The woman, an African-American, filed a lawsuit for discrimination and retaliation, citing five adverse actions from her employers. Firstly, she alleged that the USPS delayed paying her salary for two months after she’d missed work from her injury. Next, she claimed that she was transferred to another annex due to discrimination and retaliation for her complaints of discrimination.
A third allegedly adverse employment action was what she asserted was a pattern of harassment from her supervisors. She’d been told to take her lunch before 3:00 pm and to work into the night if she couldn’t finish her route during daylight hours. Supervisors also followed her on her route, told her to cross in wet grass (which she believed was hazardous) and asked her to verify mail addresses between stops. Additional harassment included warning her of her absenteeism, denying her non-union representation at pre-disciplinary interviews and reminding her of USPS policies (which she conceded was critical of her work).
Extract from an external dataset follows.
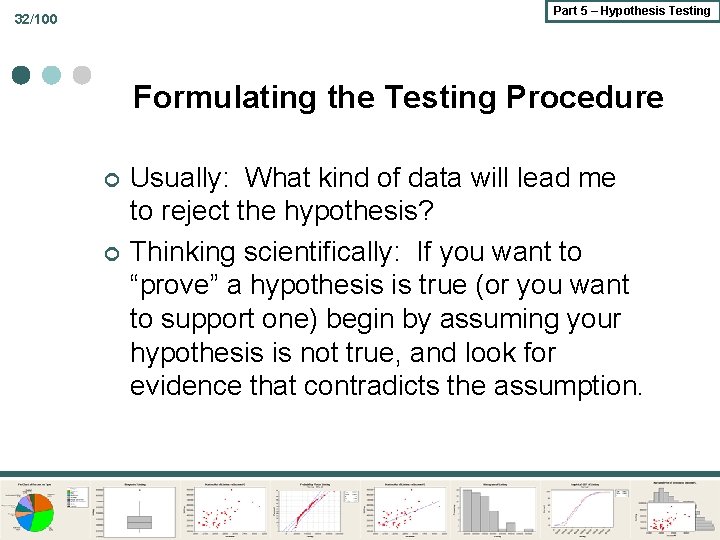 Part 5 – Hypothesis Testing 32/100 Formulating the Testing Procedure ¢ ¢ Usually: What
The other two claims were the only ones the district court acknowledged as material. She was put on long-term suspension after profanely informing a supervisor that she was going to assault a co-worker and responding in a similar manner when the supervisor asked her to calm down. Finally, the termination itself was accepted as an adverse employment action. She was fired based on 53 unauthorized absences in a three-month period and her disciplinary record, including a letter of warning, a seven-day suspension, a 14-day suspension and the long-term suspension.
The district court ruled in favor of the USPS. Only taking the latter two claims into account, judges did not believe that the plaintiff had shown that she was adequately performing her job, a requirement as she was relying on the indirect method of proof. Judges also accepted the Postal Service’s argument as factual because the plaintiff didn’t comply with Local Rule 56.1(b), which stipulates that, when opposing a motion (in this case, one for summary judgment), she would need to reference affidavits or parts of the record to support her denials – but she failed to do so.
Appellate judges agreed that the first three claims were not materially adverse – the two-month delay in payment and the transfer had no effect on her employment, and the reputed hostile work environment did not reveal a pattern of threatening or humiliating harassment. She compared herself to a white male employee with numerous absences but who was not disciplined. But he had made no profane threats and did not have as high a number of absences as the plaintiff – the latter point which the appeals court asserted was reason enough for her termination.
The woman also argued that she had shown enough evidence to support the retaliation claim under the direct method of proof. But because she’d relied on the indirect method in district court, appellate judges could not consider this particular argument. The grant of summary judgment for the USPS was affirmed.